Gostaria que existisse essa paixão pelo vinho na Espanha. Acredito que o País tem um potencial gigantesco. Por isso, para nós, é estratégico, o segundo país de vendas hoje, depois dos Estados Unidos. Uma sociedade de cada vez mais classe média, que pode se permitir o luxo de beber vinho e que tem essa gana por aprender, que é o que mais admiro e aprecio no consumidor brasileiro. Infelizmente, os impostos no Brasil não ajudam, e acho que é uma pena. O vinho é superior do ponto de vista da saúde. É necessário ver com horror a diferença de preço do mesmo vinho no Brasil e em outro país. Espero que pelo menos estes impostos sejam canalizados na melhoria da qualidade de vida da população. Senão, aí sim o desastre é completo.
Você disse que a escolha dos nomes dos seus vinhos eram para poder ser pronunciados no mundo todo.

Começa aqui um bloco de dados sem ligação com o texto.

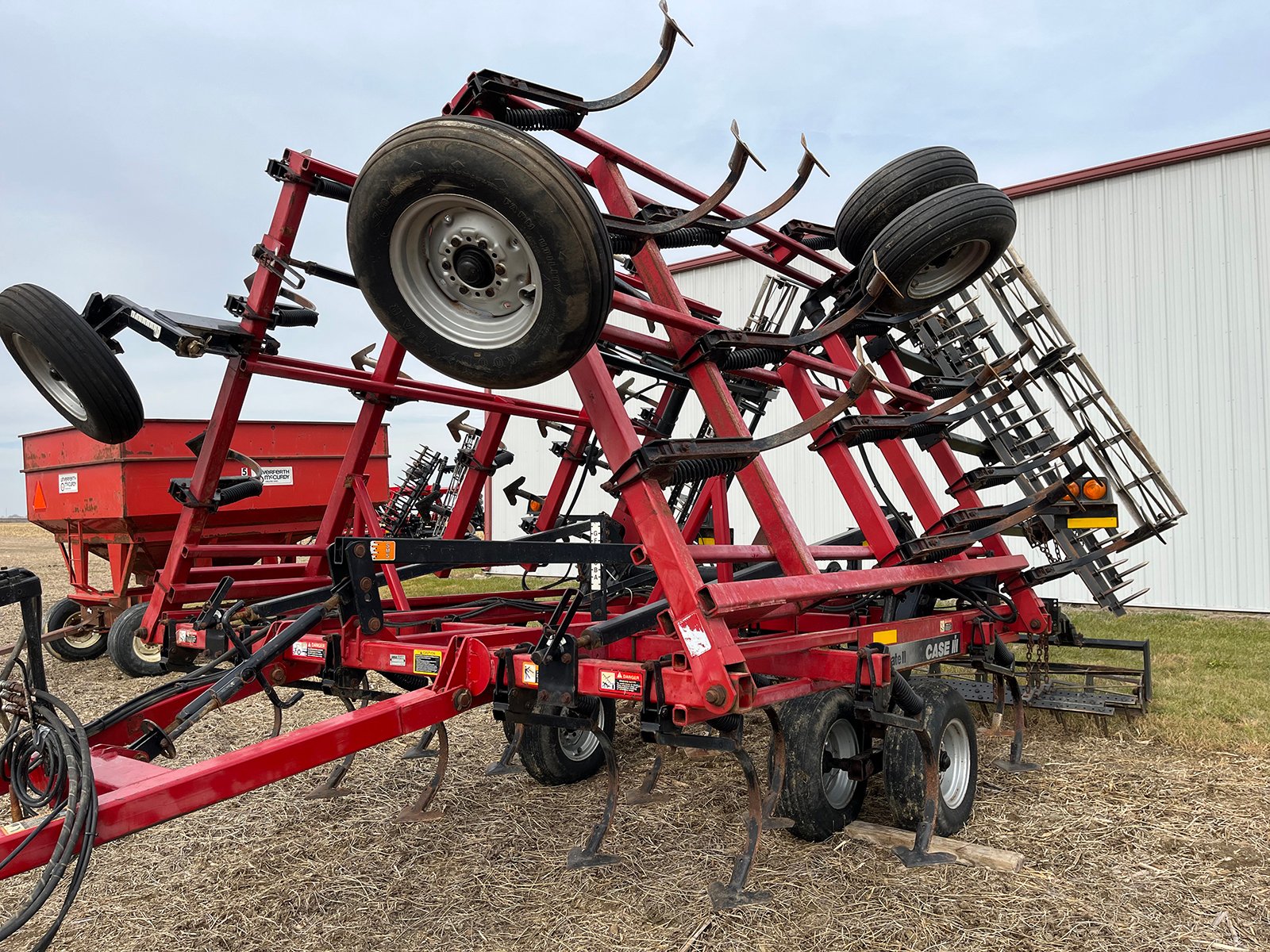 Property photo 18 - TIMED ONLINE ONLY RETIREMENT FARM EQUIPMENT AUCTION IN UNION COUNTY, INDIANA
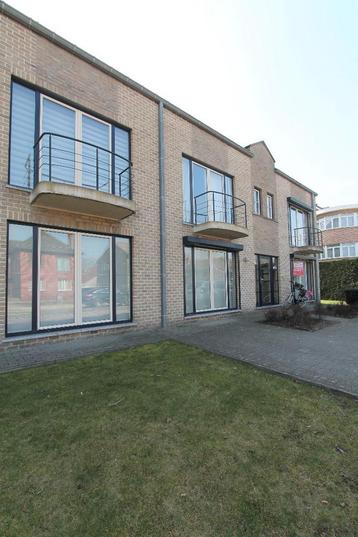 Appartement te huur in Houthalen, 2 slpks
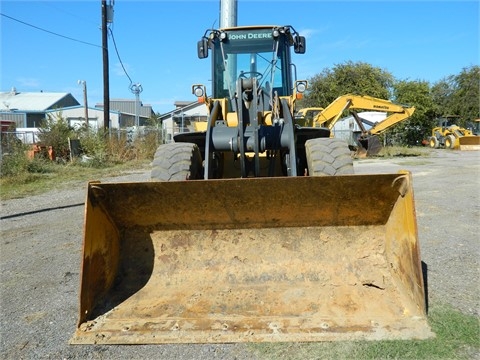 Cargadoras Sobre Ruedas Deere 544K importada en buenas condicione Ref.: 1416516501498338 No. 4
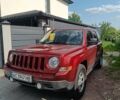 Красный Джип Патриот, объемом двигателя 2 л и пробегом 160 тыс. км за 8900 $, фото 2 на Automoto.ua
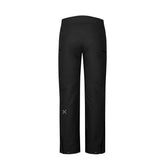 Pantaloni Uomo Montura Ice Sky Nero | NonSoloSport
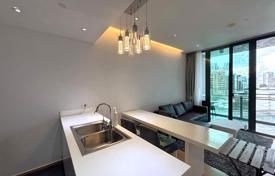 1 odalılar kondominyumda daireler Watthana'da, Tayland. $276,000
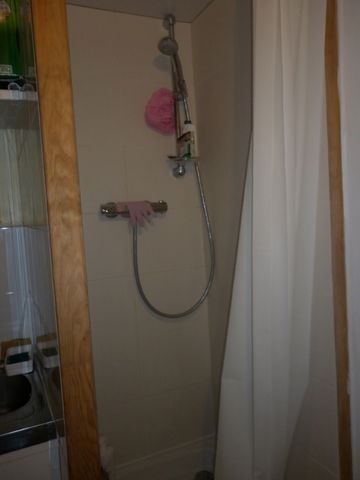 Logement Entier Paris 48342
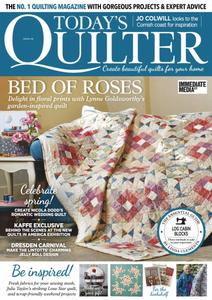 Today’s Quilter – May 2019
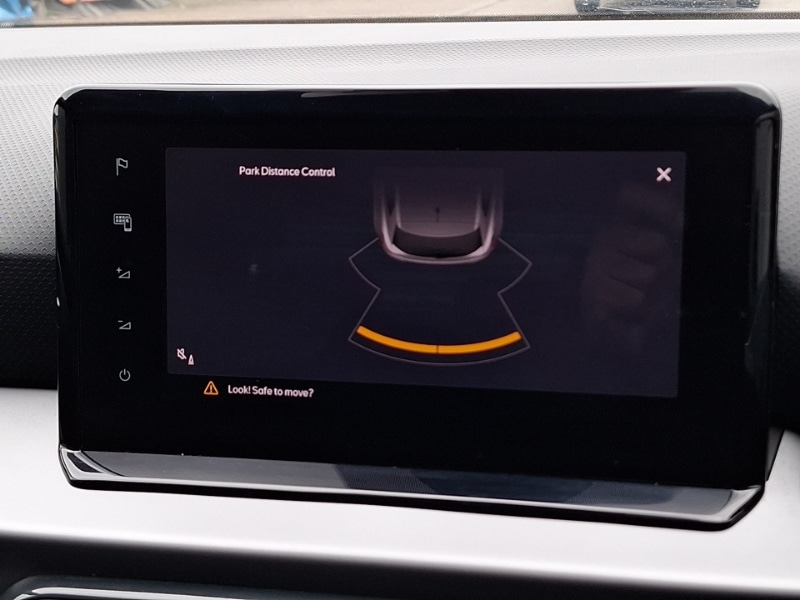 Used SEAT Ibiza 2023 for sale - 76749073: Photo 18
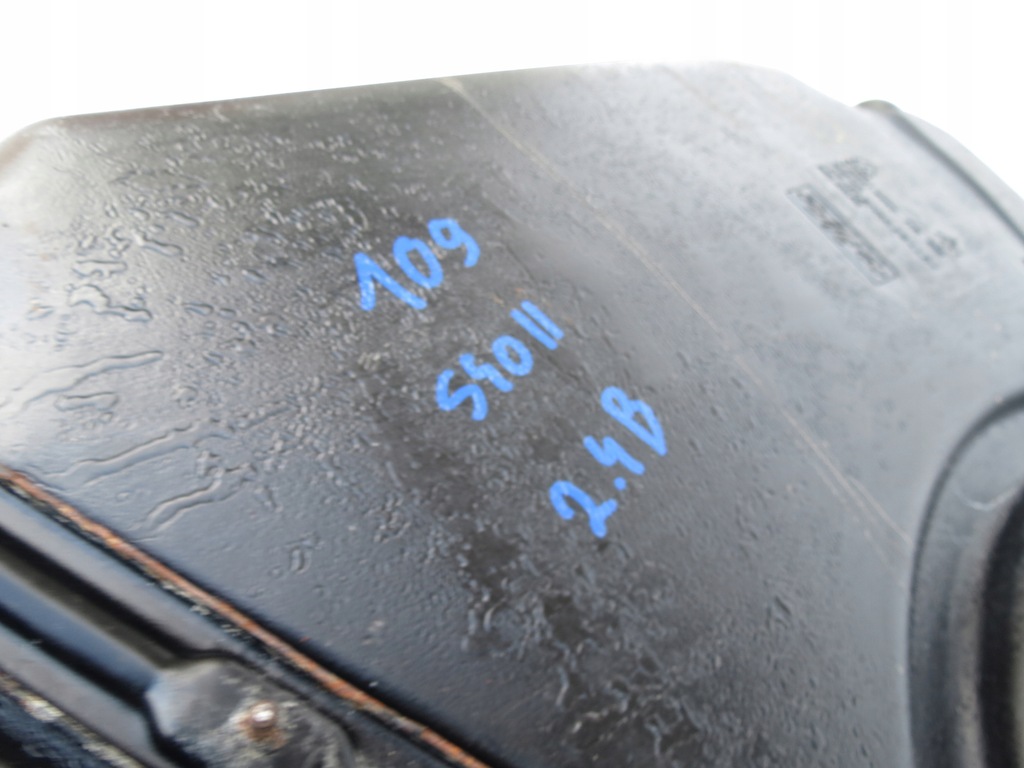 фото №12, Бак топлива bak 3m519002hb volvo s40 ii 2.4b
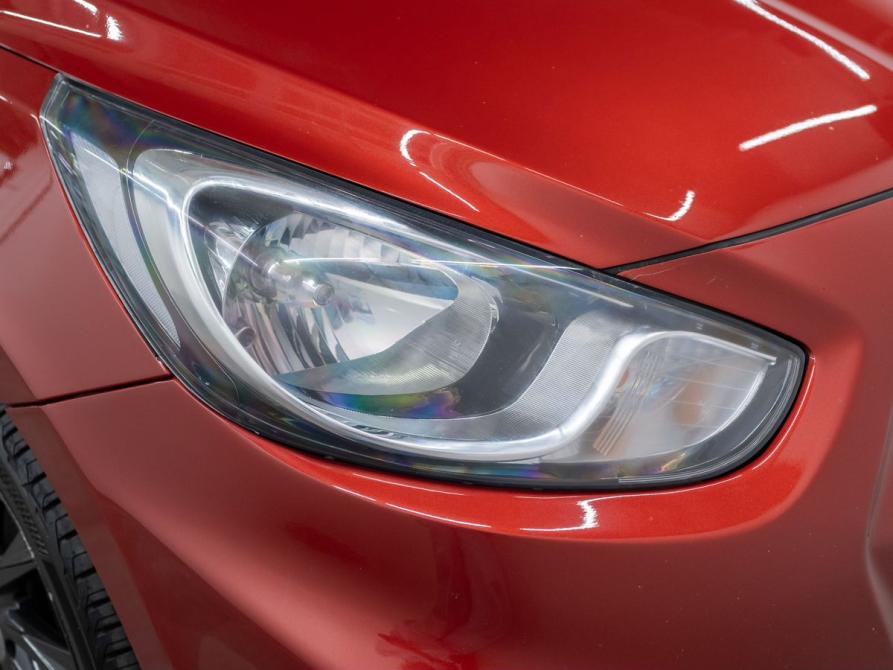 Hyundai Solaris I Красноярск  - изображение 20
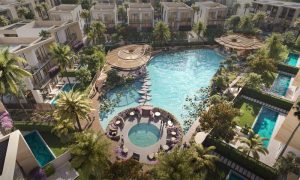 LEOS Developments says Knightsbridge on track for Q4 2027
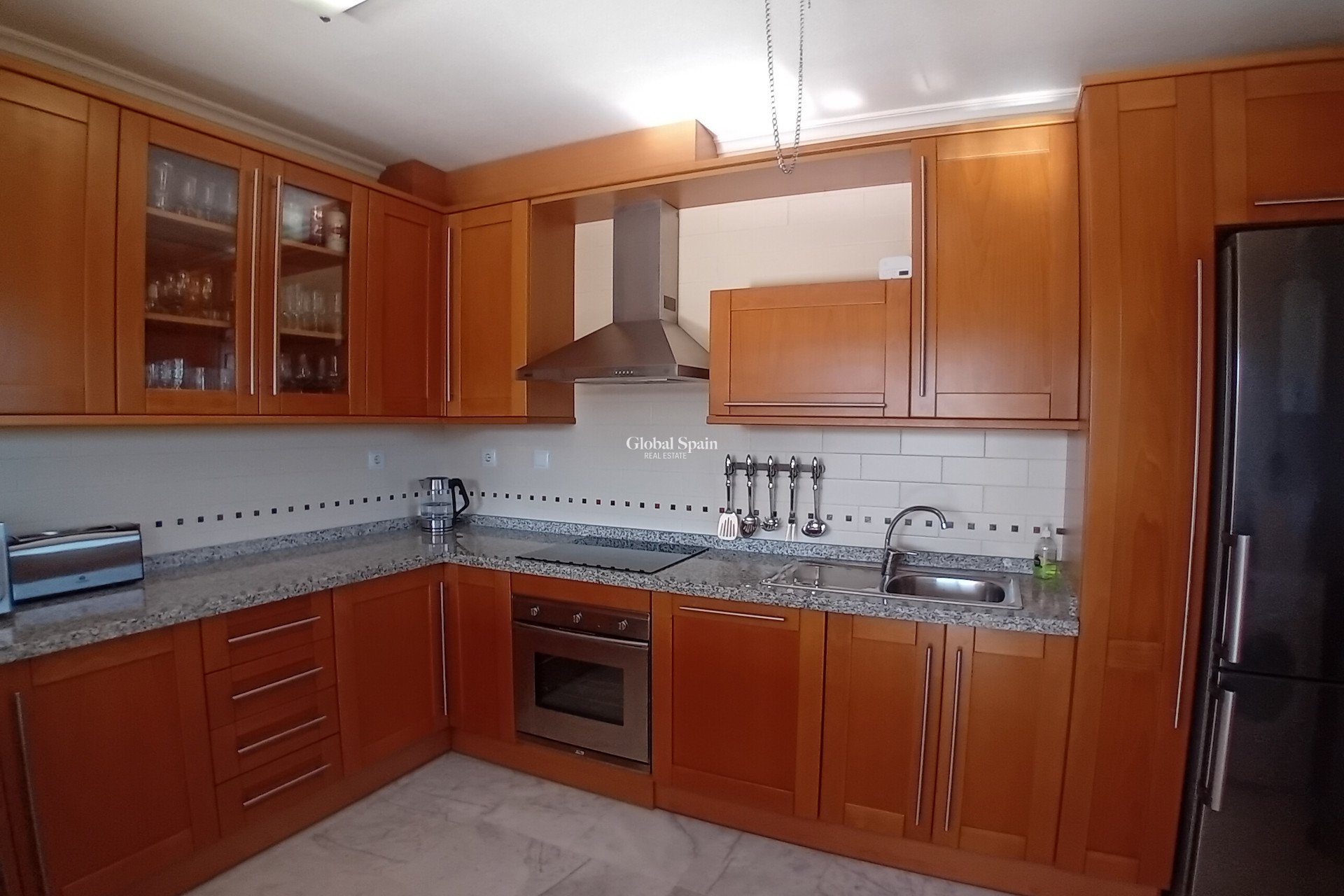 Resale - VILLA -
ALGORFA - LA FINCA GOLF / ALGORFA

Quando decidimos os nomes das marcas, tentamos agir com profissionalismo. Escolhemos marcas que possam ser pronunciadas em inglês e espanhol, que não sejam muito difíceis de decorar, curtas. Sempre tivemos o conceito de estrelas. Um conceito que todo mundo considera positivo. Outras preocupações de marketing, como ter os vinhos de alta gama, começando com "A", que os põe em primeiro quando se faz listas por ordem alfabética. Coisas que parecem ser feitas sem querer, mas têm pensamento lógico. Muitas vezes, alguém pode fazer grandes vinhos, mas se a comercialização, o serviço, a comunicação com os jornalistas, a logística não saõ bons, todo o trabalho se perde. Desde o princípio, em O. Fournier buscamos a excelência em todas as faces do que é a vinícola. Temos que ser excepcionais em tudo. Se conseguimos, não sei, mas o objetivo sempre tem que ser o máximo.